When designers discover new territory, will their contributions be accepted?

Key Values and Success for In-House Design

March 13, 2017

You’re an in-house designer. Do you have a good client? Or, you are a business leader with a design team. Are you giving the design team a chance? Will the designers’ work drive business success, or will it end up in the recycle bin, never adopted? 

First, I’m assuming that the designers have adequate funds, connections to others in the company, data and access to customers. Those are important. But there is still something more fundamental. 

Two Key Values—Pick One

There are two key values for success, and they are held by the leaders. Having at least one of these values is absolutely necessary. 

The business leaders, internal client, or decision makers believe in design methods. 

They therefore want to use the innovations the designers develop. The leaders have designers because the new and different design methods produce valuable insights and solutions.
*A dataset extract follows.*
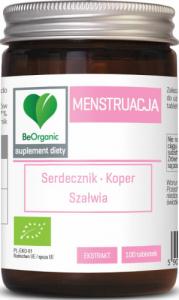 Aliness BeOrganic Menstruacja BIO 450 mg x 100 tabletek one size 1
It’s like a carpenter getting a great new tool. “With this, I can do great things!” 

The business leaders want the results that the designers deliver. 

The leaders have given the designers a problem, and they want it solved. What will it take? What can the business do? This is usually a broad problem, like getting more customers, expanding our offerings, or increasing engagement. The business leaders believe the goal is important, and they are willing to support what it takes. It’s like a football team that needs a first down. The quarterback calls a play, and the team runs it. 

Life Without Either Value

Leaders must have one of these belief systems. You don’t hear a wide receiver saying, “That play won’t work, I’m going to run short instead of long.” What carpenter would say, “No, I’d rather use a pocket knife and whittle it down.”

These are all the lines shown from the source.